Data entries:
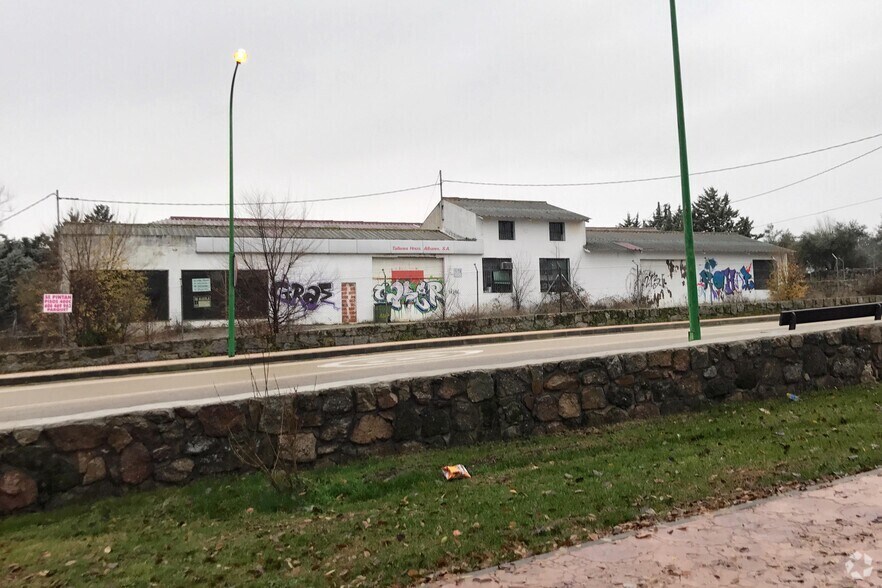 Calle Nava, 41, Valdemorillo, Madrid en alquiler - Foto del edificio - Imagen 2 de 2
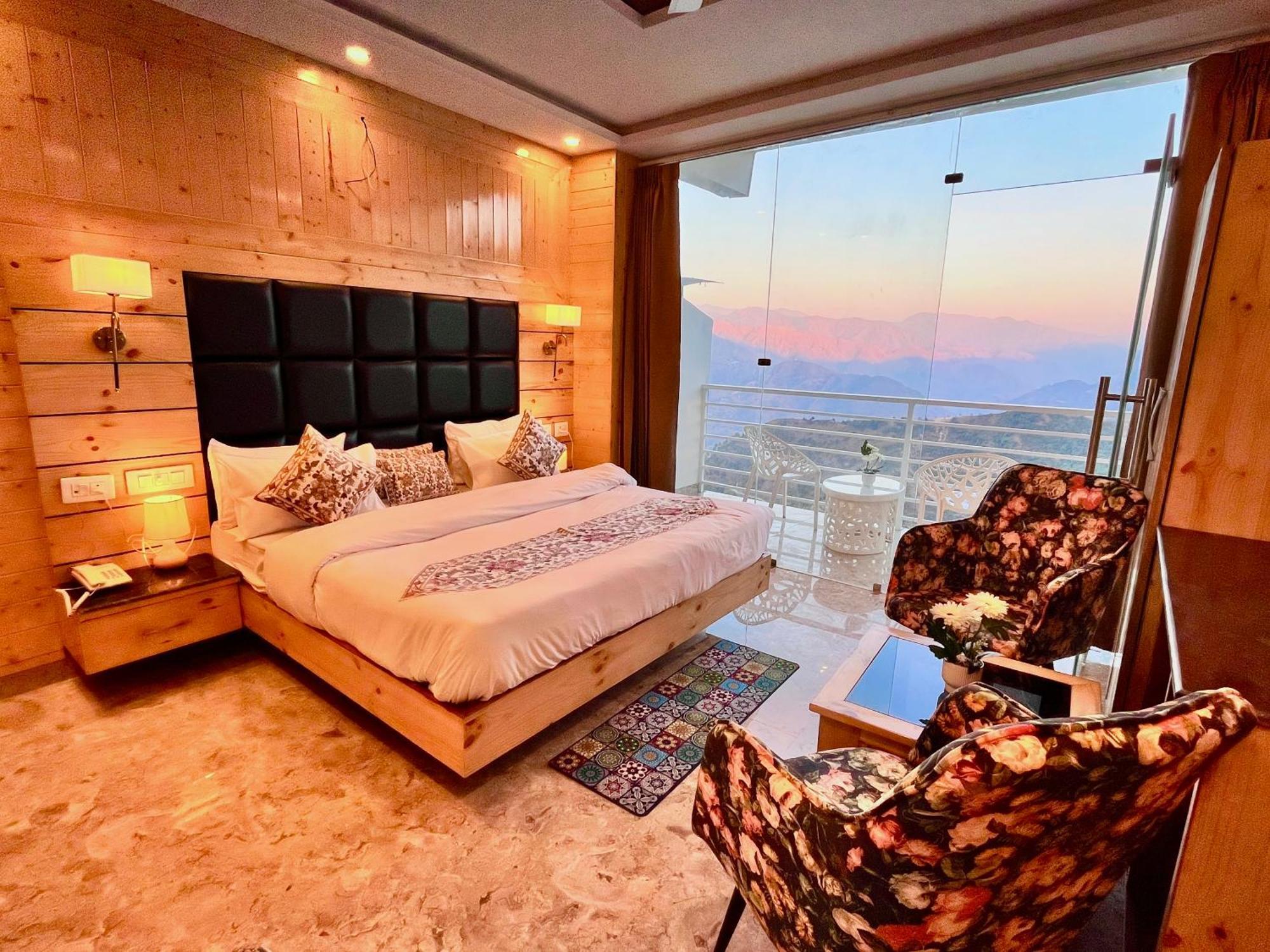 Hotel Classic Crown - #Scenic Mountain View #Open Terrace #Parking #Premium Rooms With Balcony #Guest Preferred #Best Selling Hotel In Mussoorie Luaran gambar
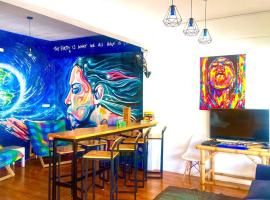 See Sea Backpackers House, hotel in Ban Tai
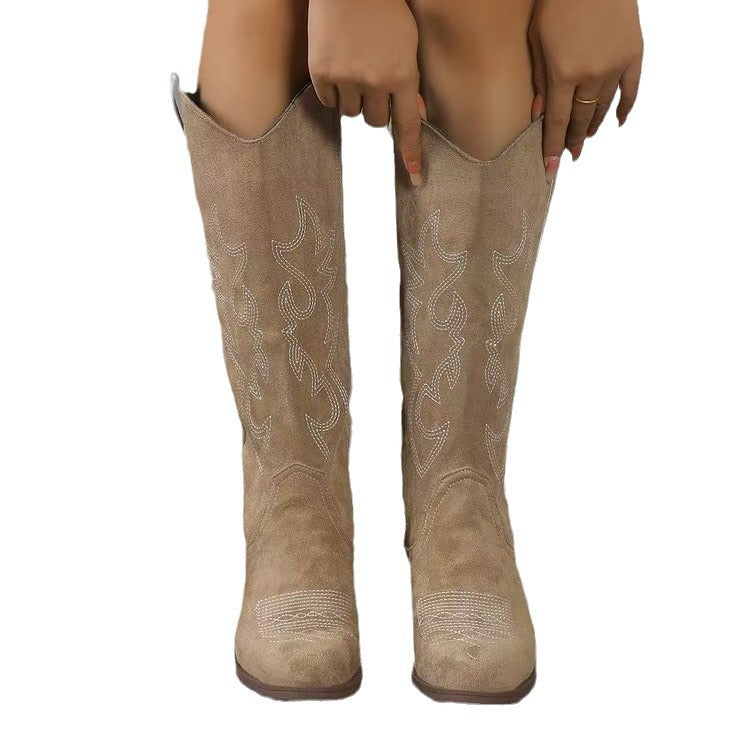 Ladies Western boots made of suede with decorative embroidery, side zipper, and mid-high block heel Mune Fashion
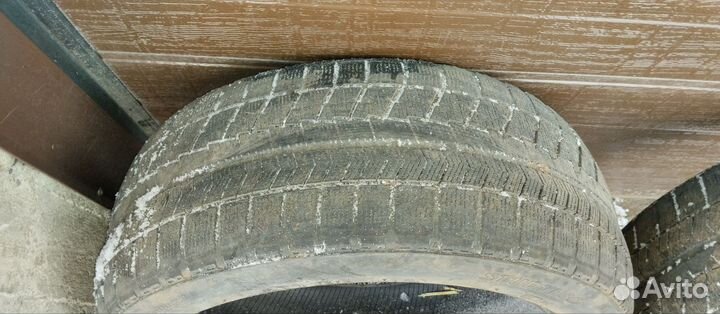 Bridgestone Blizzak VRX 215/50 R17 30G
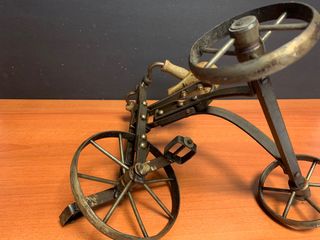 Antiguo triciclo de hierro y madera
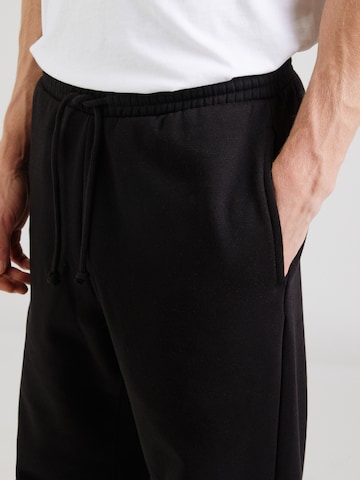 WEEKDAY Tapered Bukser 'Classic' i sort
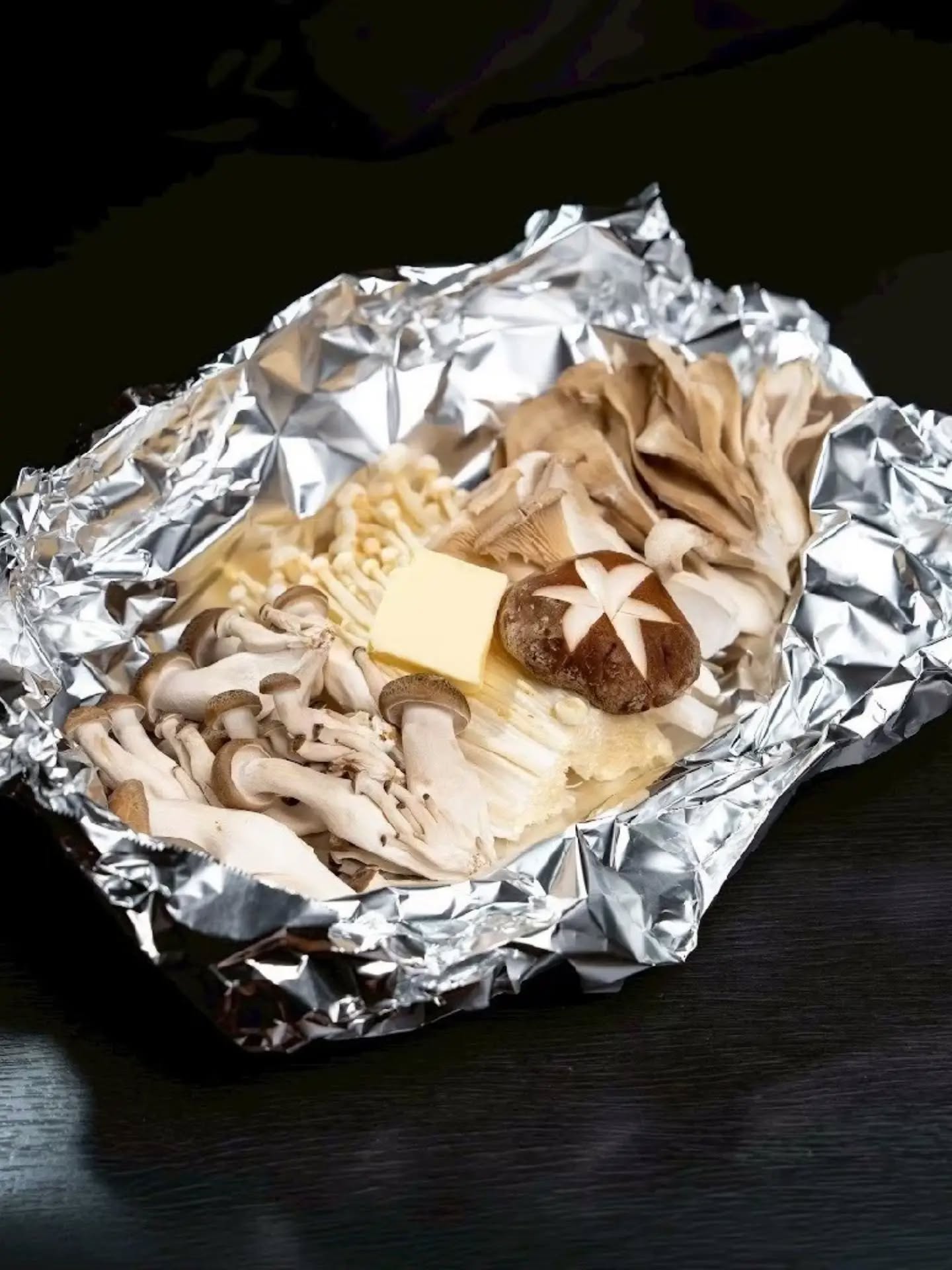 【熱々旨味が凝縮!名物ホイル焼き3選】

-- What you have to do --
Here the job is to print all the entries above exactly, minus the images.

-- Task answer --
 Calle Nava, 41, Valdemorillo, Madrid en alquiler - Foto del edificio - Imagen 2 de 2
 Hotel Classic Crown - #Scenic Mountain View #Open Terrace #Parking #Premium Rooms With Balcony #Guest Preferred #Best Selling Hotel In Mussoorie Luaran gambar
 See Sea Backpackers House, hotel in Ban Tai
 Ladies Western boots made of suede with decorative embroidery, side zipper, and mid-high block heel Mune Fashion
 Bridgestone Blizzak VRX 215/50 R17 30G
 Antiguo triciclo de hierro y madera
 WEEKDAY Tapered Bukser 'Classic' i sort
 【熱々旨味が凝縮!名物ホイル焼き3選】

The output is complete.